In the printed book, notes on the text can appear in various locationsat the foot of the page, on the page facing the text of a work, at the back of the book, or sometimes in a separate volume.

Here’s an example from the printed Hamlet, showing the editorial notes on textual variants at the foot of the page:

OSEO hamlet

On the website, we wanted all these notes to appear in a panel next to the text, and to “march in step” so that a reader could immediately tell when a line of text had an accompanying note. To enable each note to appear alongside the corresponding line of text, we needed to create a link from note to text, one that works no matter where the note is located in the printed book. Each link needs a fixed target in the text, which in this case is the line number. In print, typically only every fifth or tenth line is numbered, but in the digital format we need to number every line (exposing the occasional instance of an editor losing count!). So instead of the “127” in the print footnote, we must create a line number object, placed alongside the text at the start of the line.

Here’s what a line number object looks like in the digital XML format:

<milestone unit=”line” num=”129″ id=”9780198129103-milestone-469″/>

The line number object, called an “element” in XML, has several components:

  • The element name (milestone, borrowed from the Text Encoding Initiative) tells us what kind of object it is. Dozens of different elements are used in OSEO to mark up the text.
  • The value of unit tells us what kind of milestone it is. This case would require a line of text, but not every work has line numbering, and so other values are also used.
  • The value of num tells us the line number.
  • The value of id is a unique identifier that acts as the target of the hyperlink created from a note.

By putting these milestones in the text, we create targets for links from the editorial notes and textual variants. The website code can then pull all the relevant notes in alongside the text, no matter where they appeared in the print format.

OSEO hamlet 2

The presence of a diamond or circle next to a line of text indicates that there is a note attached to it. The two different symbols are for the two kinds of note, textual variants and editorial commentary. Clicking on the symbol brings the note into line with the text, by making the text in the note pane scroll to the right place. The text is also highlighted with a yellow “flash.” Notes aren’t perpetually affixed alongside the text because the number and length of notes often take up more space than the original work. The click and flash offer a neat digital workaround not possible on ink and paper.

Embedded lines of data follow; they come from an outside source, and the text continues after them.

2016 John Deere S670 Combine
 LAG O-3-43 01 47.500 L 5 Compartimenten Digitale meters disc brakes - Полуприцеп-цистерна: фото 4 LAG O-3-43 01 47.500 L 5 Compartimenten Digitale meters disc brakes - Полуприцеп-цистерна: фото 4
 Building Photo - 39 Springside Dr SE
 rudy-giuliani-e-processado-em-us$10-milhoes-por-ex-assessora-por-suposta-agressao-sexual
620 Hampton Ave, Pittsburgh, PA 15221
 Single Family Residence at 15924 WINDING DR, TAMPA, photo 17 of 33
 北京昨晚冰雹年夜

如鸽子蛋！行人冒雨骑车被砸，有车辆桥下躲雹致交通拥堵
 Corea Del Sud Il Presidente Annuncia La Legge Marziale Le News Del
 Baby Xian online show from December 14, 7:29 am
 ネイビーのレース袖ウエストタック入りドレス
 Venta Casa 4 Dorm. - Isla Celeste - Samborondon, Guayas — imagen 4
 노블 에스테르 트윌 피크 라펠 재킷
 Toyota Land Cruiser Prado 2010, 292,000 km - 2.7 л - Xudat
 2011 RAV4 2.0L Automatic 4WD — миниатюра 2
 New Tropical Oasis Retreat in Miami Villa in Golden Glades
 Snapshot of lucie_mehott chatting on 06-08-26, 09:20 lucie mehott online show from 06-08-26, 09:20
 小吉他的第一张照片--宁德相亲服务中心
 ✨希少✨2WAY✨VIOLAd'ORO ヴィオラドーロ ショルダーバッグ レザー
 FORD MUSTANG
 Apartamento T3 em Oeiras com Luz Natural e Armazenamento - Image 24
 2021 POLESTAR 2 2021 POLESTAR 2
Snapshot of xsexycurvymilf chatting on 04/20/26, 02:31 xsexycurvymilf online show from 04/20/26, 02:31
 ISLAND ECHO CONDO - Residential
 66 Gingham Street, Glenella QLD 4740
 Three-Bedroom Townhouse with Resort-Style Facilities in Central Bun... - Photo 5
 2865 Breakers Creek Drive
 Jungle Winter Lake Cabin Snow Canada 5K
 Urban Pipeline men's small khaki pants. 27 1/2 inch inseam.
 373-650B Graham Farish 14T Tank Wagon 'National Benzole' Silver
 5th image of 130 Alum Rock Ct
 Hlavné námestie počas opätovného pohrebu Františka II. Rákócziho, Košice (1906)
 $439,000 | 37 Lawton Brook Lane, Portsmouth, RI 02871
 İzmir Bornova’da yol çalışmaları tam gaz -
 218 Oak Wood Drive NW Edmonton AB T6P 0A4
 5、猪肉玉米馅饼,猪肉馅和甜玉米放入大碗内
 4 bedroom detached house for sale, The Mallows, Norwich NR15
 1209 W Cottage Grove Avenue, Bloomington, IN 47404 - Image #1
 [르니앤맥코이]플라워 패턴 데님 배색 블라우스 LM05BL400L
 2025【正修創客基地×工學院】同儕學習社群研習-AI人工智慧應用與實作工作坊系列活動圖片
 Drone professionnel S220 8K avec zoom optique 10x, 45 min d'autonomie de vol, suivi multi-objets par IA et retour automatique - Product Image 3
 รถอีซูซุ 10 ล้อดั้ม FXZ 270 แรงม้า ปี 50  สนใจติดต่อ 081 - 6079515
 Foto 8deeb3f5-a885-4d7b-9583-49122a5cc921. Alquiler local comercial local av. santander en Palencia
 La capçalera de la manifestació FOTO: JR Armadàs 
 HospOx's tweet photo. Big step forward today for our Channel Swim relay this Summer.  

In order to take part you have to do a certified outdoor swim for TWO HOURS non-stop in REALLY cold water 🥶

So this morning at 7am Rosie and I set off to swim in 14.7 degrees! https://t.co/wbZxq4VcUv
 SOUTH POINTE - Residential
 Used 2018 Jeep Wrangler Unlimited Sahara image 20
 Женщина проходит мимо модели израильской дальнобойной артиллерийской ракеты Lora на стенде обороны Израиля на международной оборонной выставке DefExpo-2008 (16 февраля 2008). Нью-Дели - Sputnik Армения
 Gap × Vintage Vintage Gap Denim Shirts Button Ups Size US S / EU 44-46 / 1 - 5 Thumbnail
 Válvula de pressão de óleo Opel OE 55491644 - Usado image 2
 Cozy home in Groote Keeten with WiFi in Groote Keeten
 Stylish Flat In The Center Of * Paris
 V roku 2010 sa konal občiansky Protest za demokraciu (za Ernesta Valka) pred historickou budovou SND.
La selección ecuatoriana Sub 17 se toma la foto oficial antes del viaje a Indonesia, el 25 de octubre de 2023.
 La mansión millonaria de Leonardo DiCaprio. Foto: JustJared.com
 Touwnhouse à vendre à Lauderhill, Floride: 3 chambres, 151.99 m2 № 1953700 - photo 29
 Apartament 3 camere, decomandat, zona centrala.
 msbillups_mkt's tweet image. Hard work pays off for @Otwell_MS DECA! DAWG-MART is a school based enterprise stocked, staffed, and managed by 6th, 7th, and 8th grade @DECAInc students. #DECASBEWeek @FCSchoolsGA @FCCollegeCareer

Of course, this is just one small fragment of the OSEO data model. Every display style and piece of functionality in OSEO has an XML element behind it. Close collaboration between content experts, data architects, and web developers was essential to getting the best possible experience of navigating scholarly editions online. And now, no longer faced with a pile of books, researchers can delve into these works in a new manner, creating opportunities to gain further insight into the humanities.